For this exercise, output the entries below exactly from the line that holds "When setting up" to the line that holds "By clicking the", both ends included. No pictures belong in the copy.

═════ Data for analysis ═════

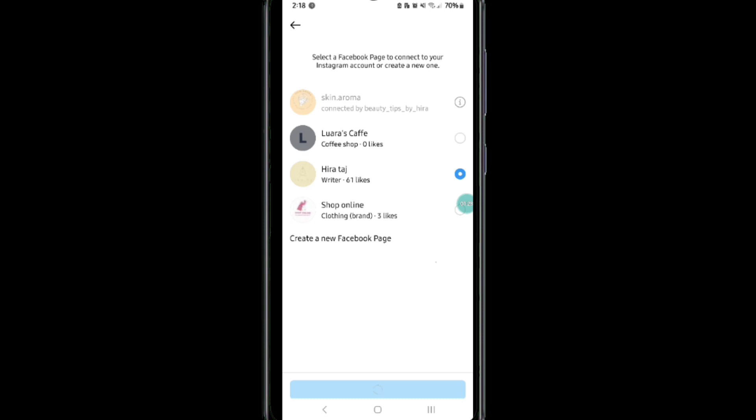So that's how to connect your Facebook page to Instagram.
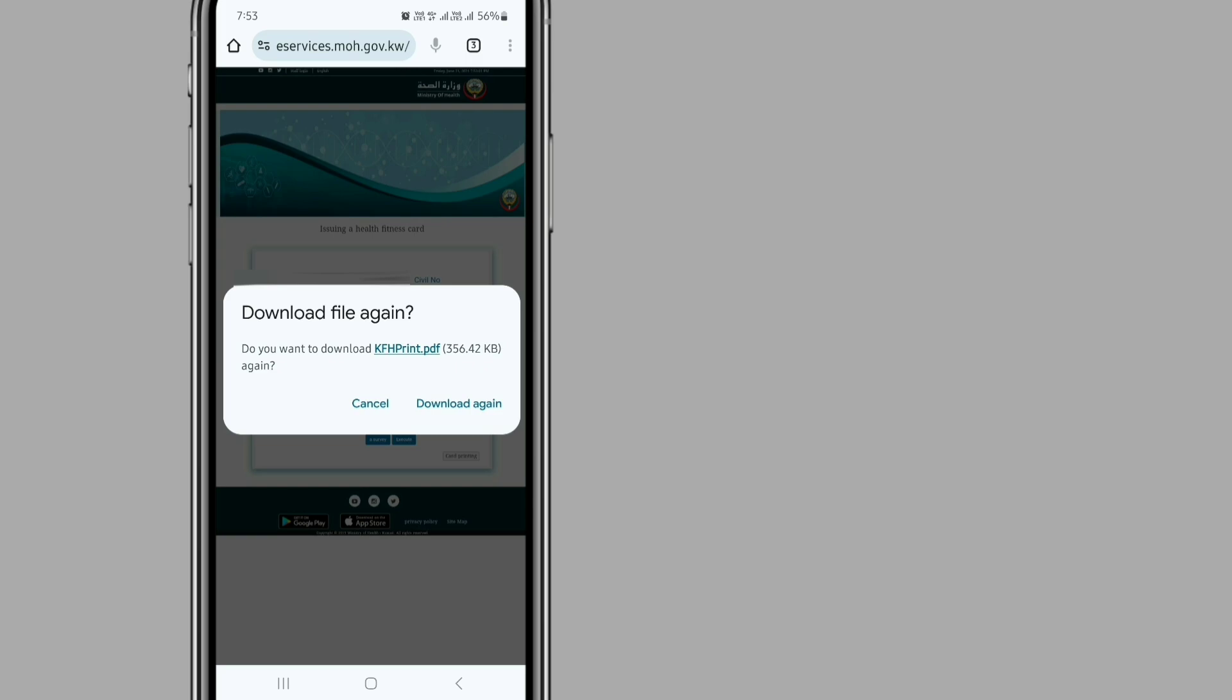Then it will ask you if you want to download. This is asking me if I want to download again because I have already downloaded the file. If you are going to download this page for the first time, you need to click on Download.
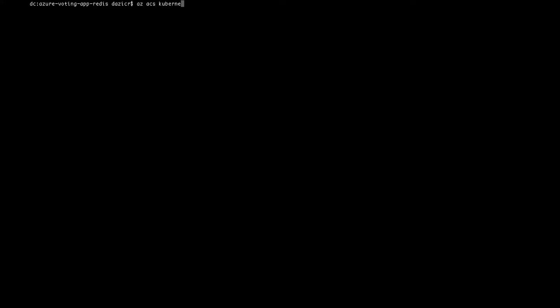So first off, you need to download and also install Kubernetes. I've done that, but if you haven't done it, just use this command and you should be good to go.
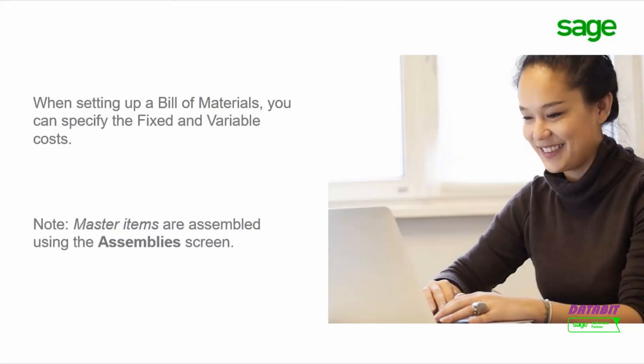When setting up a Bills of Materials, you can specify the fixed and variable costs. Note that master items are assembled using the Assembly screen.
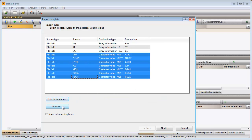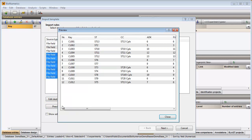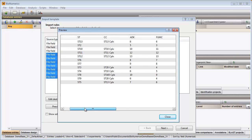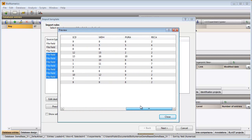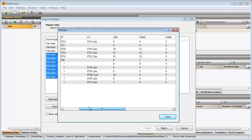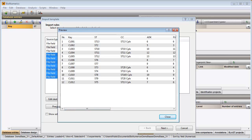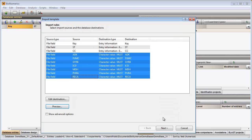By clicking the Preview button I can check whether the columns of my file have been assigned correctly. If so, I can close this window and click Next.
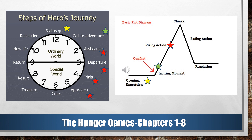Assistance, departure, trials, and approach would be all of the events included in the rising action that lead to the climax of our story. Today we'll focus on status quo, call to adventure, and assistance in Hunger Games chapters 1 through 8.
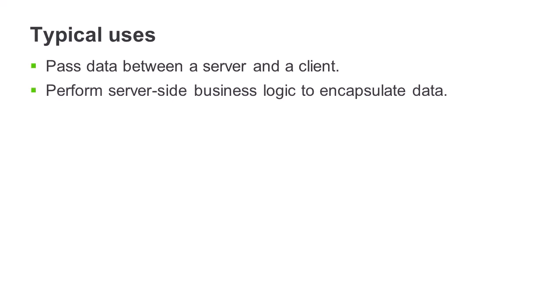Another use case is strictly server-side where a dataset is used to encapsulate data definitions, data access, and update logic.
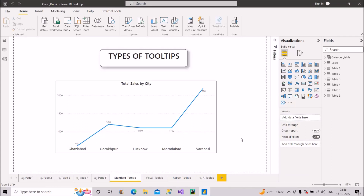Welcome back to our channel Learn with Gigs. In today's video I will discuss one question based on tooltips in Power BI interviews, about which we are generally not aware of. If you're new to the channel, do subscribe and hit the bell icon to stay updated with all the coming useful videos.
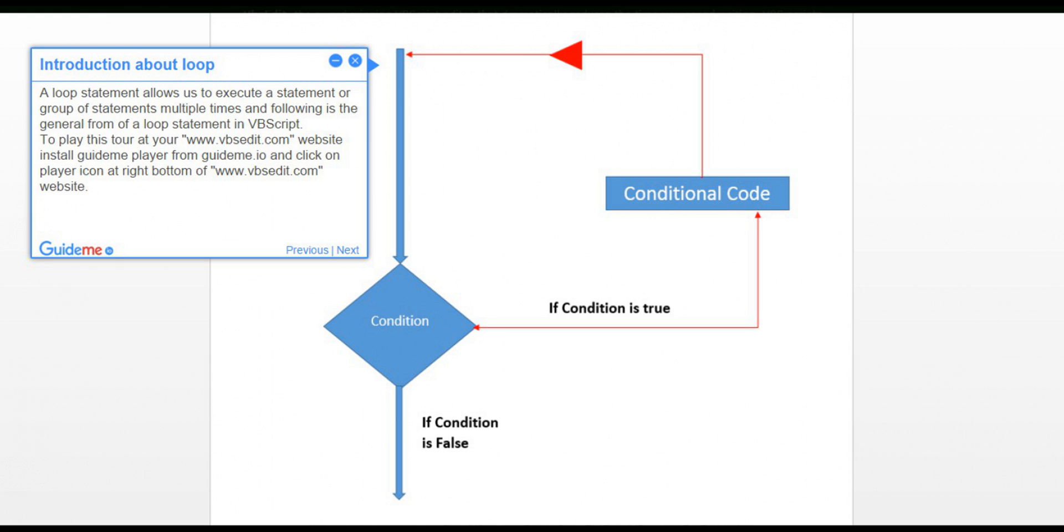To play this tour at www.vbsedit.com website, install GuideMePlayer from GuideMe.io and click on player icon at right bottom of www.vbsedit.com website.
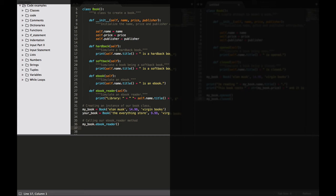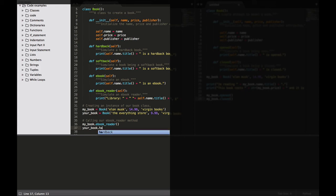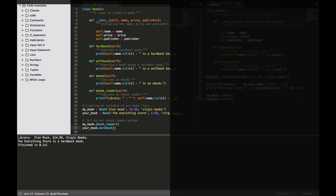So your_book, and let's call it. Let's say you're reading a hardback book, so your_book.hardback(). There we go: 'The Everything Store is a hardback book.' So even if we use the same name, price, and publisher for the second book, Python would still create a separate instance from the book class.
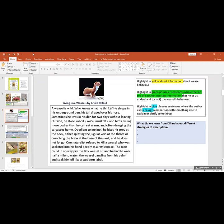A weasel is wild. Who knows what he thinks? He sleeps in his underground den, his tail draped over his nose. Sometimes he lives in his den for two days without leaving. Outside, he stalks rabbits, mice, muskrats, and birds, killing more bodies than he can eat warm, and often dragging the carcasses home. Obedient to instinct, he bites his prey at the neck, either splitting the jugular vein at the throat, or crunching the brain at the base of the skull, and he does not let go. One naturalist refused to kill a weasel who was socketed into his hand deeply as a rattlesnake. The man could in no way pry the tiny weasel off, and he had to walk half a mile to water, the weasel dangling from his palm, and soak him off like a stubborn label.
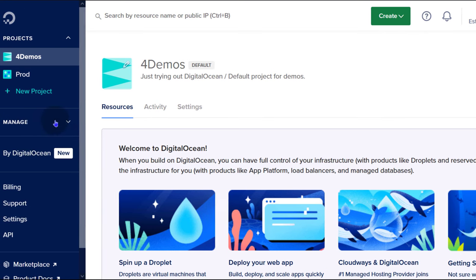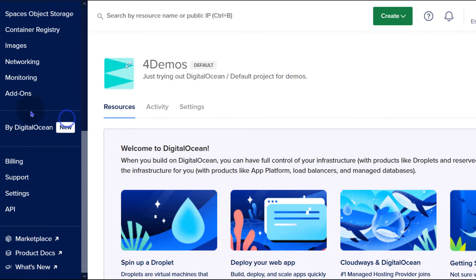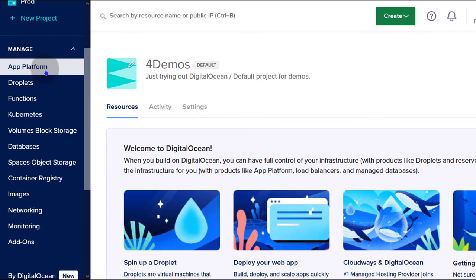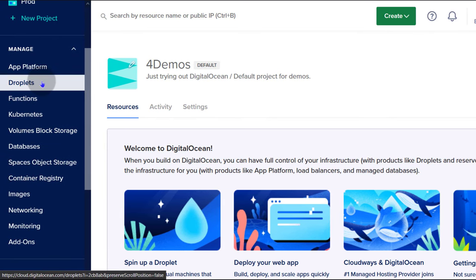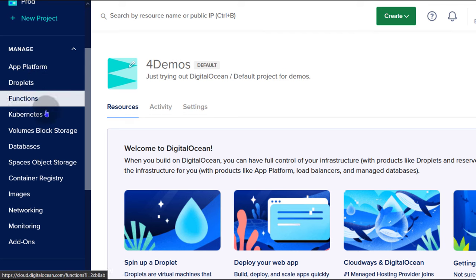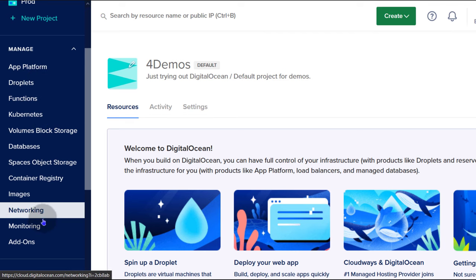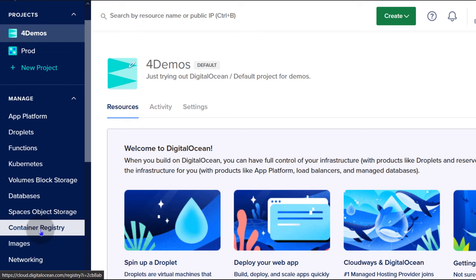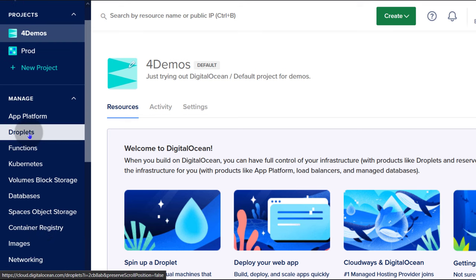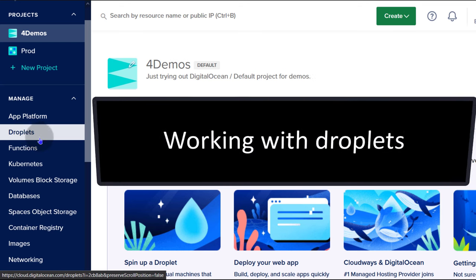Under Manage, this is where you're going to find the different resources that you can create on DigitalOcean. We're mostly interested in droplets and we're going to see how to deploy a droplet and log into that droplet.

═════

▸ Solution below
When setting up a Bills of Materials, you can specify the fixed and variable costs. Note that master items are assembled using the Assembly screen.
By clicking the Preview button I can check whether the columns of my file have been assigned correctly. If so, I can close this window and click Next.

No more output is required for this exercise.